Doch selbst wenn die Flieger auf den Internetseiten versteckt bleiben - komplette Anonymität ist kaum möglich. So genannte Inflight-Spotter dokumentieren keine Flugzeuge in der Nähe vom Flughafen, sondern haben sich auf das Fotografieren von Fliegern in Reiseflughöhe spezialisiert. Eine geheime Irak-Reise des US-Präsidenten Donald Trump wurde im vergangenen Jahr entlarvt, weil ein britischer Spotter zufällig die Air Force One über Großbritannien ausfindig machen konnte.

In diesem Fall hatte die auffällige Lackierung des weltweit bekanntesten Flugzeuges die Identifikation vereinfacht. Ansonsten müssen Flieger in solchen Höhen aber direkt über die Fotografen hinweg fliegen, damit ein sehr wichtiges Detail sichtbar wird. Denn meist ist die Registrierung eines Geschäftsflugzeuges der einzige Hinweis darauf, wer darin sitzen könnte.

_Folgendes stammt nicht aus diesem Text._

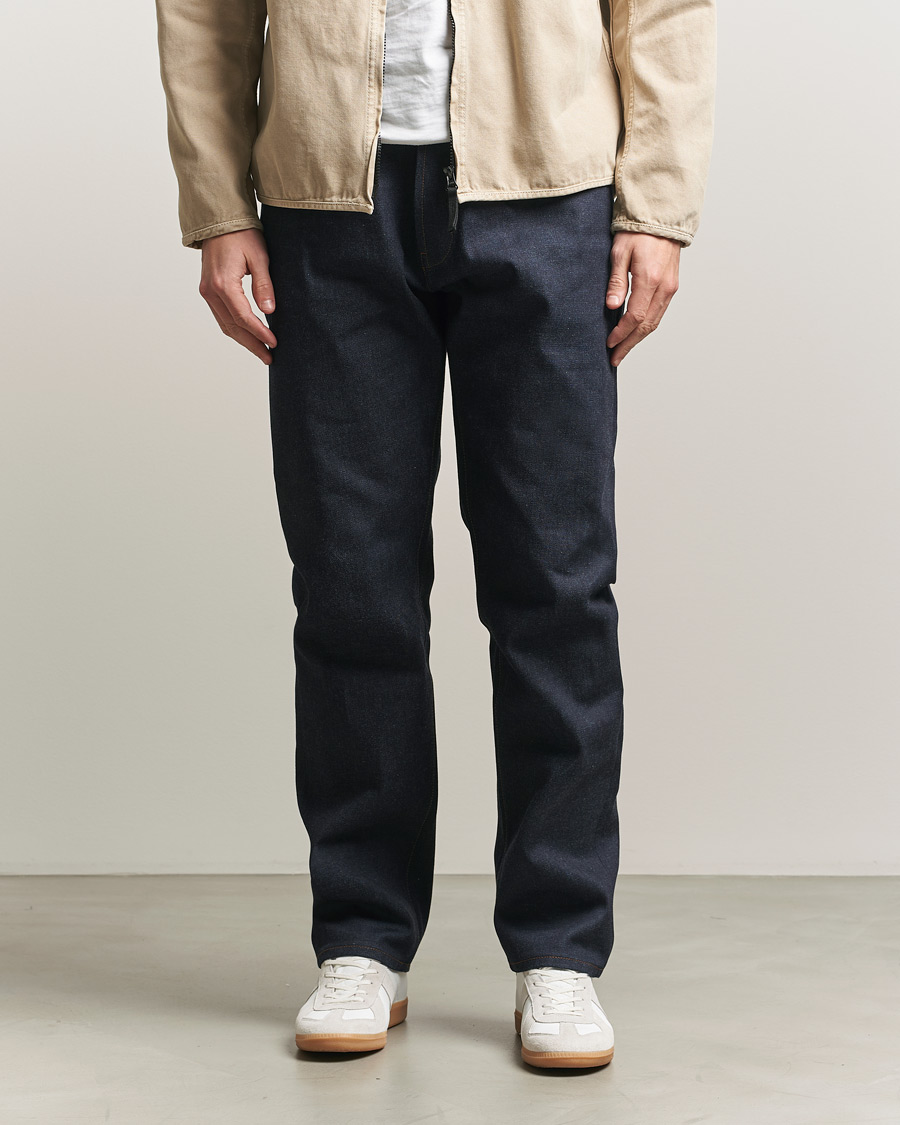 Men | Jeans | Stone Island | Straight Fit Raw Denim Jeans Blue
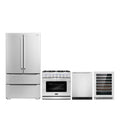 36 Gas Range, Refrigerator with Ice Maker, Dishwasher and Wine Cooler S86108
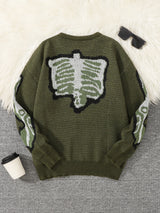 Men's Butterfly Jacquard Knit Sweater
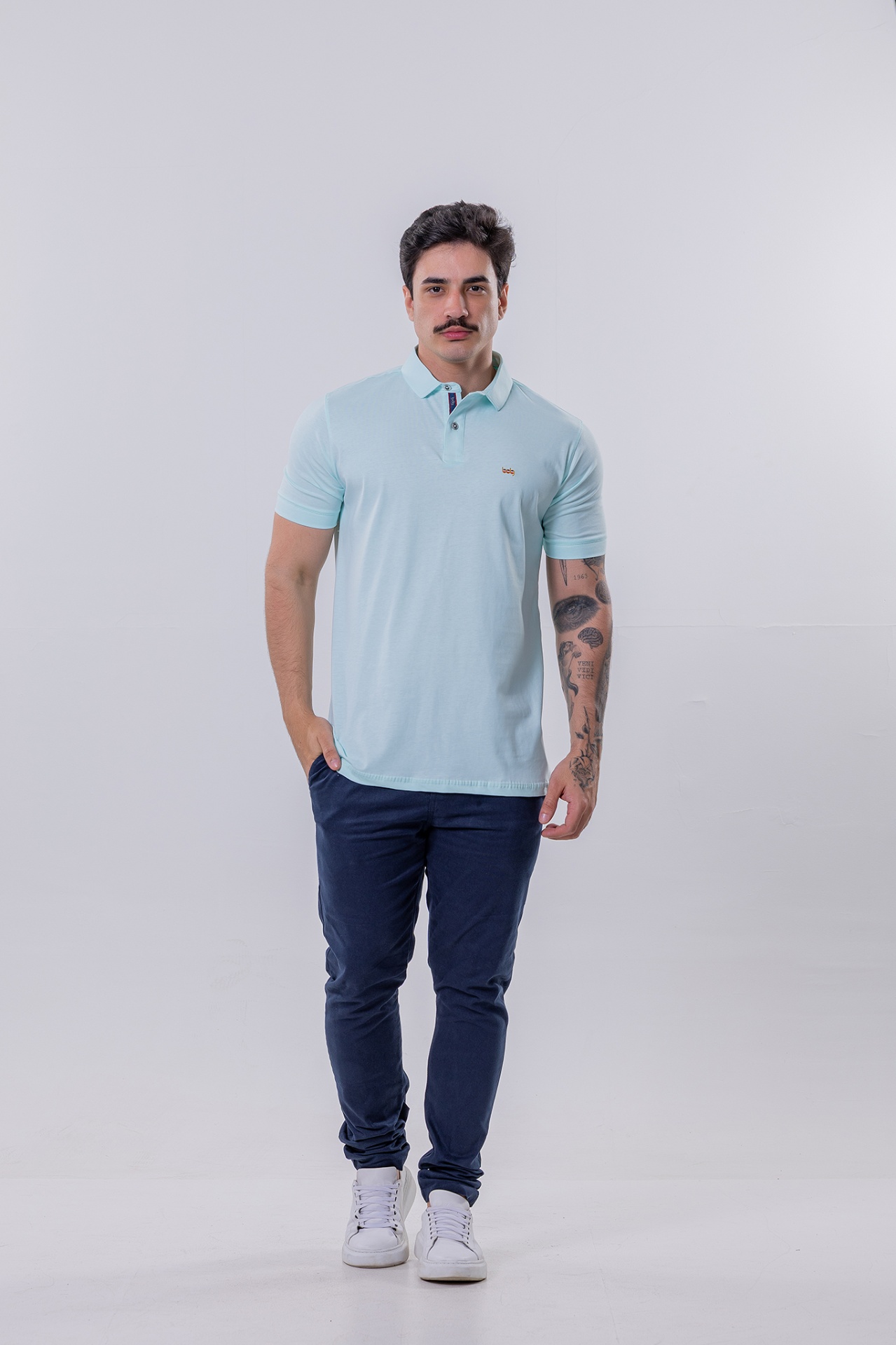 Polo Oliveiras verde menta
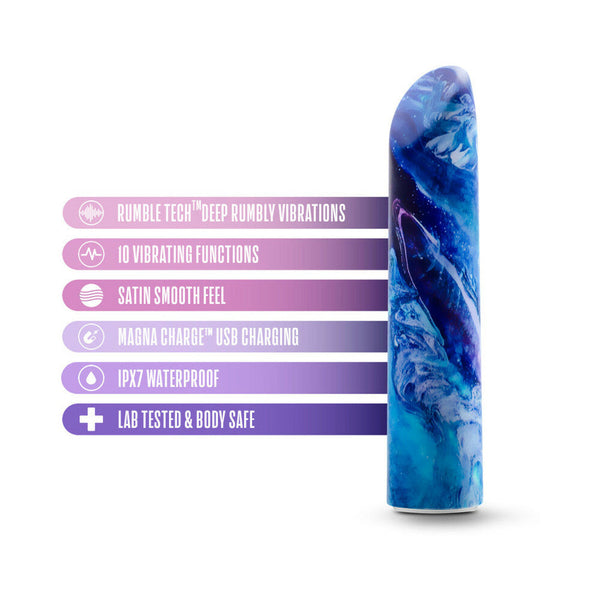 Mesmerize Power Vibe Rechargeable Bullet Azure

Briefkasten-Registrierung hilft

Und das kann selbst in Bodenhöhe schon schwer werden, denn: einige Unternehmen lassen ihre Businessjets auch bei Scheinfirmen und mit ausländischem Kennzeichen registrieren. Eine eindeutige Zuordnung kann somit kompliziert werden - jedoch auch nicht unmöglich. Wie Bloomberg Businessweek weiterberichtet, sind Analyse-Unternehmen eifrig damit beschäftigt, unbekannte Geschäftsflieger und Unternehmen nach und nach zu enttarnen.

Mitarbeiter sollen dafür Dokumente von Flughäfen und Luftfahrtbehörden in Detektivmanier durchforsten. Zudem beobachten sie, welche Geschäftsflugzeuge sich öfter auf Flugplätzen in der Nähe von anvisierten Unternehmen tummeln. Mithilfe von großen Datenströmen aus anderen Bereichen versprechen sich die Analytiker, daraus Eins und Eins zusammen zählen zu können.

Detektiv-Arbeit für lau

Dabei behilflich könnten auch wieder Planespotter sein. Denn viele Enthusiasten verstehen ihr Hobby nicht nur als das Fotografieren von Flugzeugen, sondern auch als das Dokumentieren des Verkehrs auf einem Flughafen - sogenannte «Reg-Spotter» gehen teilweise sogar nur mit Stift und Notizbuch an Flughäfen. Kennzeichen, Typ und Zeiten werden anschließend nicht selten in Internetforen unter Gleichgesinnten ausgetauscht. Um an diese Infos zu kommen, ist oft nur eine kostenlose Anmeldung erforderlich.